Start of Study material

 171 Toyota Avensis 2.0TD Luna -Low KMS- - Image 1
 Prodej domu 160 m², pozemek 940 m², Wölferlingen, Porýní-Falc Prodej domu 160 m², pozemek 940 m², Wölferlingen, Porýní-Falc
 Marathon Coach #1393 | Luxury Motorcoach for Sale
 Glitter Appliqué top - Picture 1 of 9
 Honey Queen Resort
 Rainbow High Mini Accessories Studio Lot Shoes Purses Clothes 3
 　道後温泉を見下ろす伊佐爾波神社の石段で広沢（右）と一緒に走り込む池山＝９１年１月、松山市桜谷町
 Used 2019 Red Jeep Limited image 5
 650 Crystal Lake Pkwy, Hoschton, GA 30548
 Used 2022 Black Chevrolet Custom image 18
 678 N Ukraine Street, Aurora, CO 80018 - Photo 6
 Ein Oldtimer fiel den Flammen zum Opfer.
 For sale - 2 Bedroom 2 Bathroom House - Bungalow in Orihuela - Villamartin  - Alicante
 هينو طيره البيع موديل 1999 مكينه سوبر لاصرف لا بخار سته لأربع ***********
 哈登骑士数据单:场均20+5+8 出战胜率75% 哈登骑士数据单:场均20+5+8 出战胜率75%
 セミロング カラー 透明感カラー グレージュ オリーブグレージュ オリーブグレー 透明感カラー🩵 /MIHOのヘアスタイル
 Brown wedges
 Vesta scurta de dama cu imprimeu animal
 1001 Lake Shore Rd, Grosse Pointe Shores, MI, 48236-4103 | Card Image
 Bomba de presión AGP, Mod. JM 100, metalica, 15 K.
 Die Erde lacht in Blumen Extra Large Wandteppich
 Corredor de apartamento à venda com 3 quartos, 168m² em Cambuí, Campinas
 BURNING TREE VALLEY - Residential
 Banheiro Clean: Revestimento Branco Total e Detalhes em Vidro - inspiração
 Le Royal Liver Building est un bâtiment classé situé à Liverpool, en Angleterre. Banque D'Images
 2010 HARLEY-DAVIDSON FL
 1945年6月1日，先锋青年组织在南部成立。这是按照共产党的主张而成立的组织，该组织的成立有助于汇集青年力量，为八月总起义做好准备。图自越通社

End of Study material

→ Task details: Could you print, exactly and with nothing else, the lines from the one containing "For sale - 2" through the last line of the records above?

→ Answer:
 For sale - 2 Bedroom 2 Bathroom House - Bungalow in Orihuela - Villamartin  - Alicante
 هينو طيره البيع موديل 1999 مكينه سوبر لاصرف لا بخار سته لأربع ***********
 哈登骑士数据单:场均20+5+8 出战胜率75% 哈登骑士数据单:场均20+5+8 出战胜率75%
 セミロング カラー 透明感カラー グレージュ オリーブグレージュ オリーブグレー 透明感カラー🩵 /MIHOのヘアスタイル
 Brown wedges
 Vesta scurta de dama cu imprimeu animal
 1001 Lake Shore Rd, Grosse Pointe Shores, MI, 48236-4103 | Card Image
 Bomba de presión AGP, Mod. JM 100, metalica, 15 K.
 Die Erde lacht in Blumen Extra Large Wandteppich
 Corredor de apartamento à venda com 3 quartos, 168m² em Cambuí, Campinas
 BURNING TREE VALLEY - Residential
 Banheiro Clean: Revestimento Branco Total e Detalhes em Vidro - inspiração
 Le Royal Liver Building est un bâtiment classé situé à Liverpool, en Angleterre. Banque D'Images
 2010 HARLEY-DAVIDSON FL
 1945年6月1日，先锋青年组织在南部成立。这是按照共产党的主张而成立的组织，该组织的成立有助于汇集青年力量，为八月总起义做好准备。图自越通社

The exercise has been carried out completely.